Tuesday, December 15, 2009

Limbo

If we ever move to a new place, remind me to tell you a funny story. Well, it's a stressful story right now, but it will be funny by the time I can tell it. I don't really know who might read this, and well, for now it'll just have to wait.

In the meantime, nothing much is happening on the home selling front. It's not a great time to be selling a house around here. But we knew that. We only need one buyer, and we feel like our place has a lot to offer. Time will tell.

In the meantime, I'm having to temporarily live vicariously through other people's blogs. Our chickens our sold. Our cow is for sale. The garden is put to bed. All the future plans and dreams for this place are packed away. This was our dream house, planned from the ground up by us, so it's bittersweet to be trying to let it go.

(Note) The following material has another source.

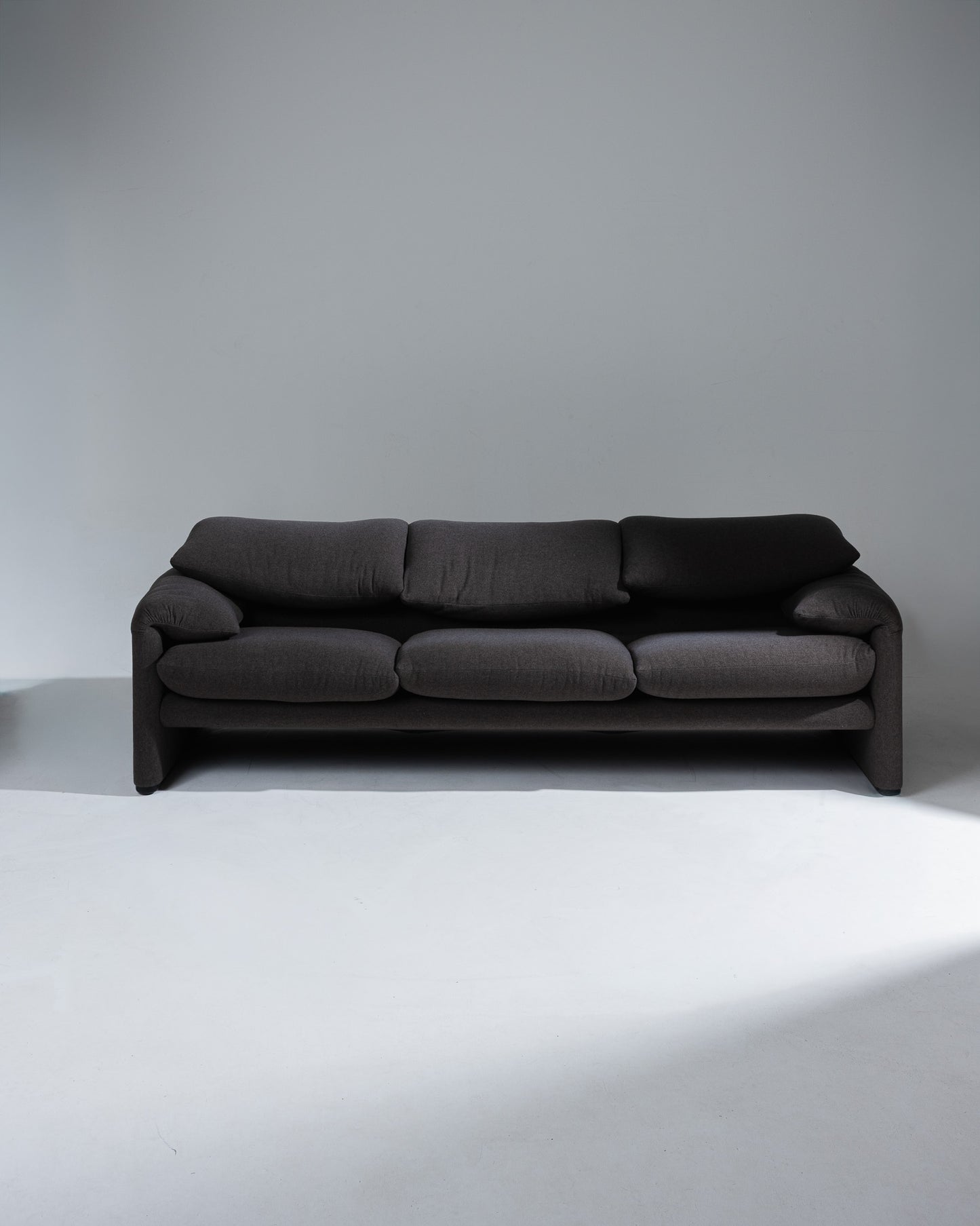 MARALUNGA GRAY SOFA, VICO MAGISTRETTI, 1970s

Mini-Farm Version 2 is still just an abstract thought. Every time I look at a potential new home, I immediately takes note of which way is south and where the trees are. My brain starts marking out garden beds and fences. A small greenhouse appears, then some solar panels, a wood stove, fruit trees, hazelnut hedges, a chicken coop, and all the other things that fit into the vision. My mind starts budgeting and prioritizing based on the home price, and all the various scenarios that might come up.

And then that house goes off the market.

It's still a fun exercise, but I'm longing to get a move on. I want to sit down with a note pad and aerial photos and a web browser at my fingertips, looking things up and filling in the minutiae, and then doing it. Or doing whichever parts of it time and money will allow. I want to take what I've learned here and improve on it. I want to take the ideas of others and try them out.

Winter is just about here, and that's the time when I normally sit down with all the garden books and seed catalogs and graph paper and figuring it all out. I'll probably still do that, but it's hard knowing that it could all go out the window at any time. In my mind, gardening is not so much an annual activity as an ongoing, long-term process that amounts to more than just this growing season.

In short, it looks like it's going to be a bit of a frustrating winter for me.